WORK TO BE COMPLETED:
Please restate the data that follows word for word, with the pictures left out.

EXCERPTED DATA:
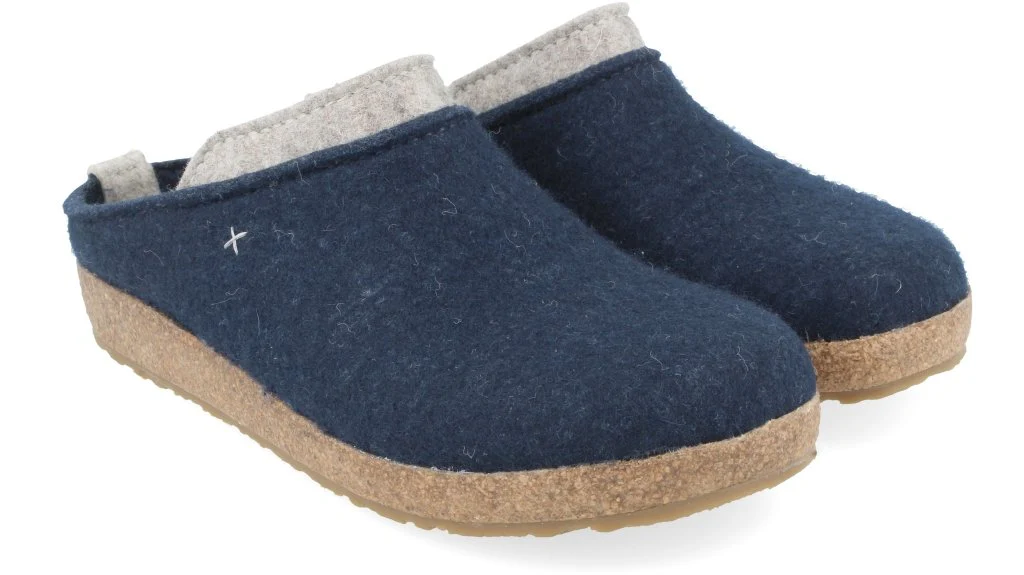 Speed Unisex Wollfilz kapitän - immagine 2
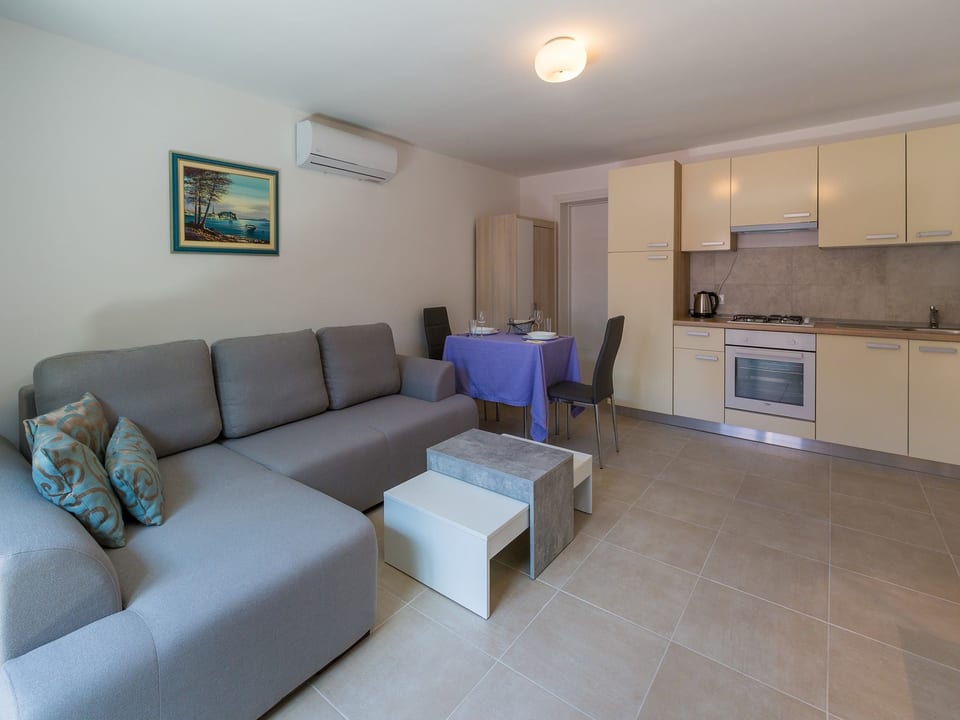 Apartments Goldy - Unit 156128-5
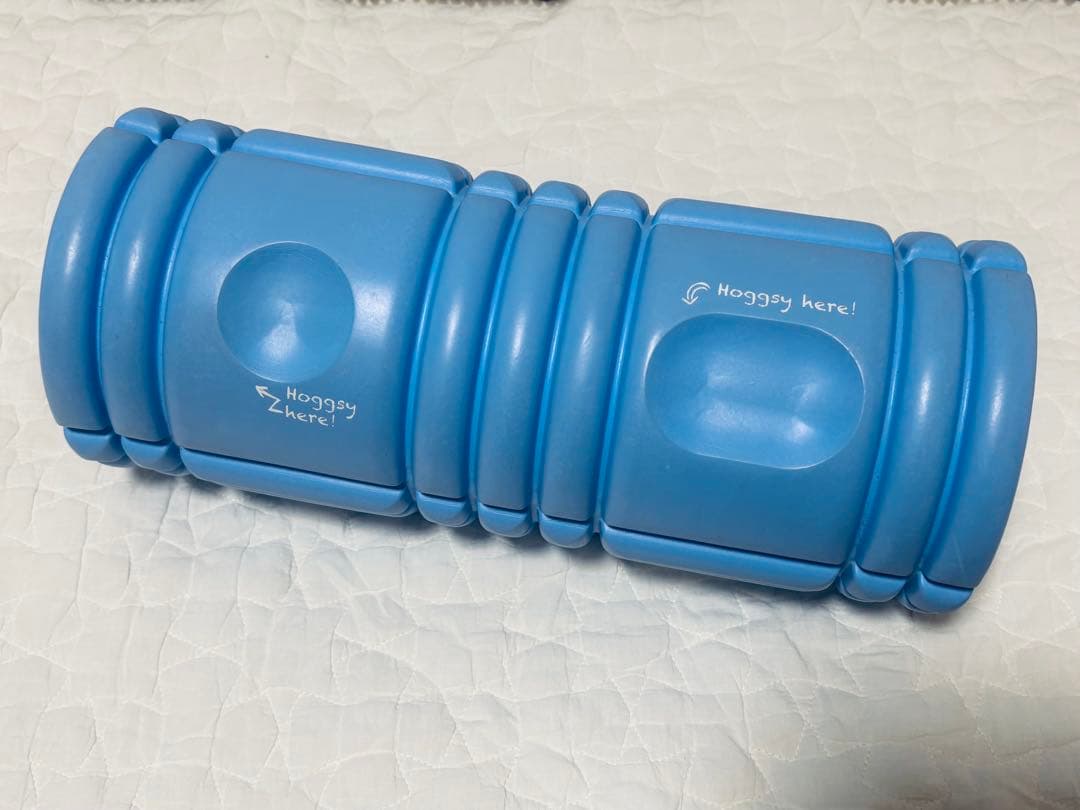 ユミコア ホグッシーローラーとプラスのセット ユミコア ホグッシー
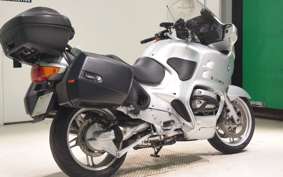 BMW R1150RT 2001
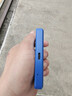 中兴（ZTE）F50 Pro 5G随身wifi6可插卡移动无线便携式路由器热点车载笔记本上网卡托全国通用流量2026款 MT33 5G旗舰款【WiFi6双网双频】蓝色可插卡 中兴官方流量-不限速不虚标 实拍图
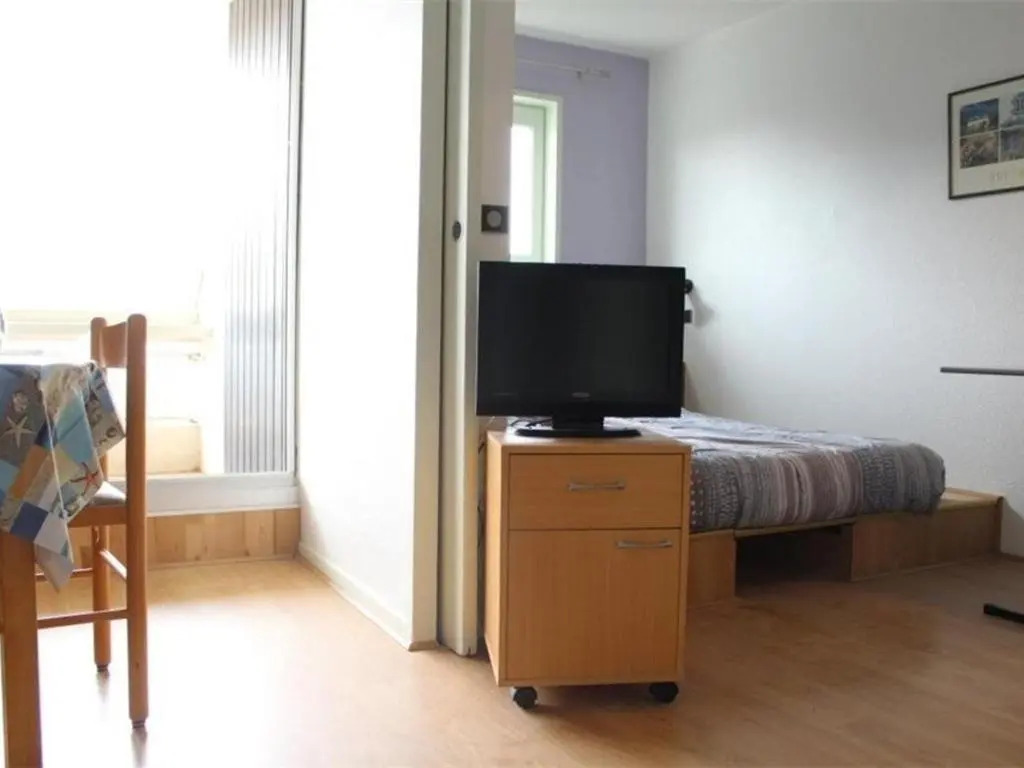 Appartement La Rochelle, 2 pièces, 5 personnes - FR-1-246-168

REPLY TO THE TASK:
 Speed Unisex Wollfilz kapitän - immagine 2
 Apartments Goldy - Unit 156128-5
 ユミコア ホグッシーローラーとプラスのセット ユミコア ホグッシー
 BMW R1150RT 2001
 中兴（ZTE）F50 Pro 5G随身wifi6可插卡移动无线便携式路由器热点车载笔记本上网卡托全国通用流量2026款 MT33 5G旗舰款【WiFi6双网双频】蓝色可插卡 中兴官方流量-不限速不虚标 实拍图
 Appartement La Rochelle, 2 pièces, 5 personnes - FR-1-246-168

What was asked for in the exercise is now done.